After recovering from my shock and awe at the amazing sights from the bus tour the day before, we had a free day to do whatever we wanted. I wanted to sleep in, so I did. Then I got ready and decided to drive back to the Kootenay Valley viewpoint. We had passed it when traveling from Fairmont to Banff, but couldn’t pull over due to towing our trailers. It was quite a drive back there–almost two hours, but the views from this place went on forever.
As I drove back, I came upon an area of the park that normally is accessible, but was closed at this time due to bear activity. While Banff and the other national parks in this area are enormous, they also have a lot of traffic. The TransCanadian Highway runs through here. To cut down on animal and human carnage from vehicle strikes, the government built an 8 foot fence around the areas traversed by the highway. All of the exit/access points have cattle guards in the road and gates; they can easily shut off access to anyplace they want to. There are animal over and under passes built into the system. It’s really amazing, and I didn’t see any dead road kill anywhere. Which is amazing when you think about how much wildlife lives here. It’s a truly great system, and certainly saves lives and a lot of money. I didn’t take a picture of an overpass on this day, but have one coming up.

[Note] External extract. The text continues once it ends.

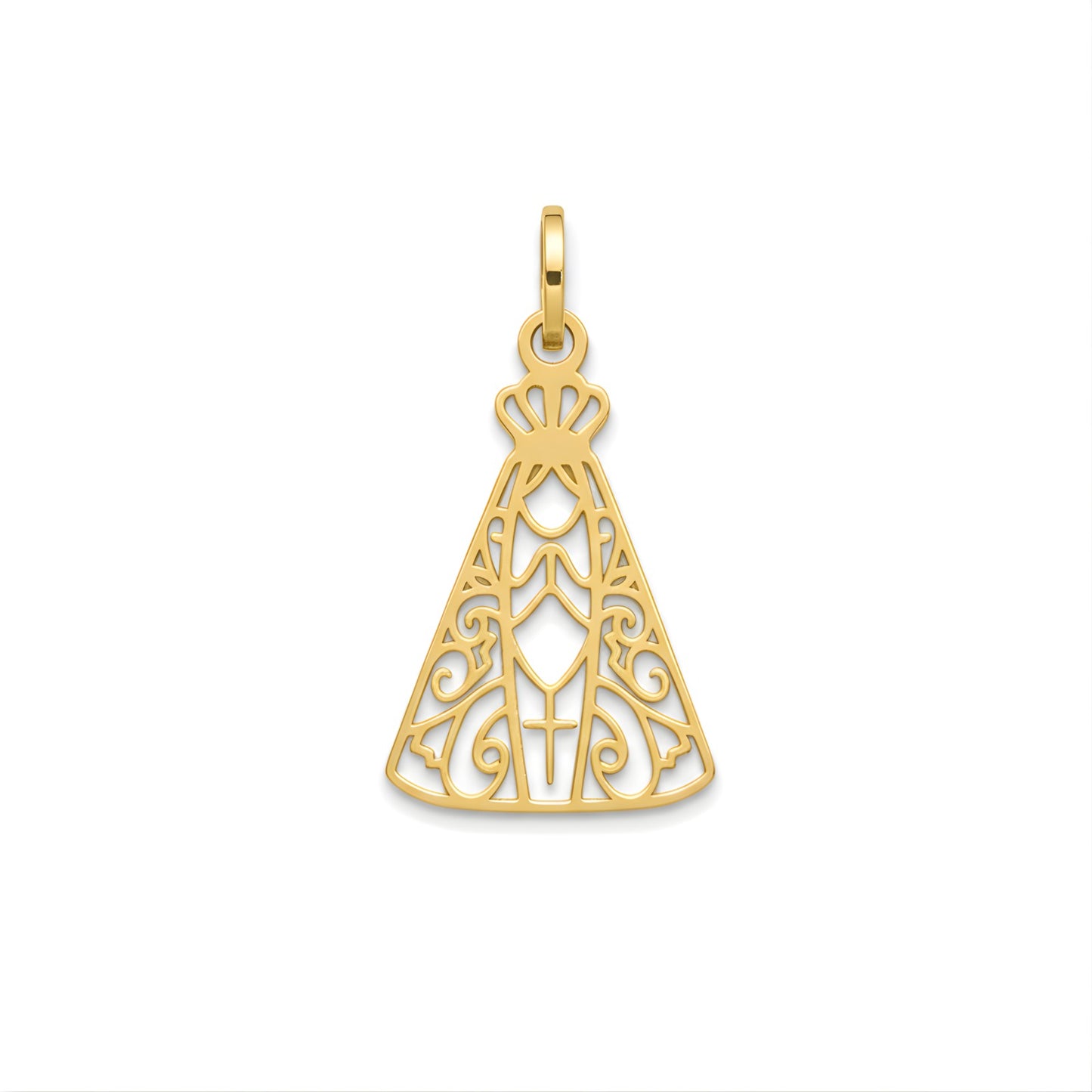 Pingente Nossa Senhora Vazada em Ouro Amarelo 18K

Anyway, the closed gate still had a few cars parked at it. As I passed, I realized there were bears there! I did a u turn when it was safe, went back and spent a very pleasurable twenty minutes or so watching two bears munching in a meadow beyond the closed gate.
I drove to Canmore, a town just outside of the park, to get diesel and supplies. However, the stores were so crowded I didn’t really buy much of anything. We had a trip log meeting at 6 pm; I got back just in time for this and then hit the sack. We needed to leave early the next day to make it to a group activity as we traveled from Banff to Jasper/Hinton, Alberta.